The exclusive vinyl thread

born to mourn and yawn

Well-Known Member
actually it was the original version of the song Berlin on Lou’s first solo album ( before Transformer)
that Bob Ezrin told Lou that he should expand on and follow a character through the whole album, and so with Bob Ezrin’s brilliant suggestion Berlin a concept album was born.



there is also the early demo a
song called ‘Oh Gin’ which became Oh Jim ....

What came to my mind were two things: I remember reading that Ezrin(?) commented on Lou's song writing saying his songs had very strong beginnings but also very weak endings. He wanted him to change that. Could imagine that this being a concept album gave rise to certain concerns if he would be able to close it meaningfully, and one solution would have been to put the cart before the horse and not the other way round. What I actually wanted to say, and felt like I wasnt heard, was that "Sad Song" is defo the most emotionally powerful and pathbreaking song on the album. This alone could have been a strong inspiration and power source for creating the rest of the album.
But, secondly, now that I am at it, Berlin having been such an unusual musical approach for Lou that it would certainly scare off not a small percentage of his fans, made them look for an official explanation of how the idea was conceived, and it had to be rooted in his older work, so that his longtime fans would still feel included in the departure for new musical expressions. Not saying your theory, which has become the standard explanation, I assume, is wrong, but I am a bit sceptical about it. I mean, these albums have to be marketed somehow.
 
Okay, even though I do not like to bother the young new year with irksome comparisons already, this one really thrusted itself upon me in the most striking way.
View attachment 67184

This is a very beautifully transparent 12" Maxi Blue Single by the Smiths from 1986. There is Panic on the A-Side and Light and Queen on the B-Side. It's a German Teldec/Zensor printing, the one with light blue labels. There is another one with red labels. I got this one from a friend of mine, who had to change places and was happy that someone helped her driving some of her stuff from A to B, which was my pleasure.
A few hairlines but apart from that it is in sublime shape, but how surprised was I, when I played (after a thorough wash and scrub) this 35 year old record on my humble turntable at home.
My God, this sound was so fantastic! It's just like you want to have it, crystal clear and powerful at the same time. The walls were shaking in unison with the thunderbolting heartbeats released by this record. I felt like driving the best Mercedes back home to where it belongs. The top cheese cake. That's the quality every superb music deserves.

View attachment 67185

See above: A work of art and love entwined.

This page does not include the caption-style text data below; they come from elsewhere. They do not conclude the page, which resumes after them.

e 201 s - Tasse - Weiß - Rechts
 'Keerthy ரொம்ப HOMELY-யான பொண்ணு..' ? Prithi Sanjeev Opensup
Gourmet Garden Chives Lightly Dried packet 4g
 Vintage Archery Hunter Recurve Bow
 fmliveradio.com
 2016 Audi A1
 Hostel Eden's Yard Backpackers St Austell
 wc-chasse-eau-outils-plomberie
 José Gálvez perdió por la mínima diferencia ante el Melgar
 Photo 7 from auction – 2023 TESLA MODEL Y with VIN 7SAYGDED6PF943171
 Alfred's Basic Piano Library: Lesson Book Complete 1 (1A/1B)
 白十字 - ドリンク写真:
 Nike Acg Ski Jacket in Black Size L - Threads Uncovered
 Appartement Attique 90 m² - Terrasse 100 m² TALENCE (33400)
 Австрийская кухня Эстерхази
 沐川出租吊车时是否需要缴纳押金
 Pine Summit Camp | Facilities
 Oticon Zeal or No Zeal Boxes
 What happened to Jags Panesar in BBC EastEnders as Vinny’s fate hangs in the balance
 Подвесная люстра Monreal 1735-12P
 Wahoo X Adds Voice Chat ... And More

Unfortunately, I cannot say the same about the recent RSD 2020 limited repress in sky blue release of the Delines' otherwise supreme record "The Imperial". I listened to it straight after The Smiths, and the contrast in sound was so very striking, it brought tears to my eyes. I have to add that it was a sealed copy, and shortly after opening it (before it was washed), I noticed how dirty it was, and there were even visible hairlines on it. This was already a bad omen. Also the sky blue color in non-transparent "blue" looked like a sick cat shortly before vomiting.

While listening there were lots of pops and crackles throughout. I couldn't believe what I heared. With quiet music that wants you to listen more closely to beautiful lyrics and enjoy the nuances, this is deadly. I stopped listening altogether after the A-Side. That's the reason why it got only 3 stars from me. I am really sorry, I bought this shoddy RSD release. I am not getting into the question of guilt right now, as this new year is still very young and innocent.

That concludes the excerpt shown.